Questi “inconvenienti”, seppure gravi perché perpetuati nel tempo, non “uccidono” completamente il suolo come nel caso della cementificazione o della impermeabilizzazione.

Una volta rimossi i pannelli e le loro strutture di sostegno, l’area potrebbe essere “recuperata” a fini agricoli, ma … è come obbligare un essere umano a vivere in una cella: niente sole, poca luce, poca aria, poca acqua, poco cibo e tra i propri escrementi. Dopo 20-25 anni è possibile che quell’essere umano sia ancora vivo, ma per ritornare a esser “produttivo” avrà bisogno di flebo, cibo, ricostituenti e tante cure e attenzioni da parte dei suoi “liberatori”. Lo stesso è per il suolo, una volta liberato dai pannelli e dalle loro basi/sostegni, per alcuni anni (quanti?) dovrà essere soggetto a cure particolari che non potranno avvalersi delle sole normali pratiche agronomiche.
“Tecnicamente” si può recuperare un suolo coperto da pannelli fotovoltaici, ma in realtà si continua ad operare in maniera insostenibile: creiamo maggiori costi economici, ambientali e sociali e li lasciamo in eredità alle generazioni future.

I nostri figli, nipoti e pronipoti si confronteranno non solo con il catastrofico debito pubblico, ma soprattutto sulla carenza di beni comuni esauribili quali i suoli e il territorio.
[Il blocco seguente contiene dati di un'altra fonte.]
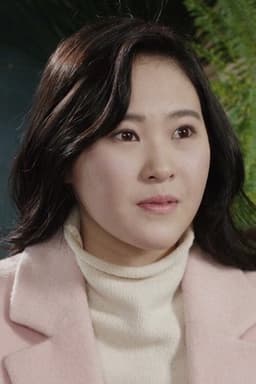 Photo of Heo Yoon-joo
Non abbiamo alternativa: dobbiamo proteggere i suoli e rispettare le loro specifiche funzioni.
In Italia una scelta sostenibile è di imporre e facilitare nelle zone rurali la possibilità di “piantare” pannelli fotovoltaici solo su tetti di case coloniche, magazzini, stalle, capannoni.

Si eviterebbe in questo modo di continuare a tirarsi martellate sulle dita con la speranza di poter qualche volta sbagliare.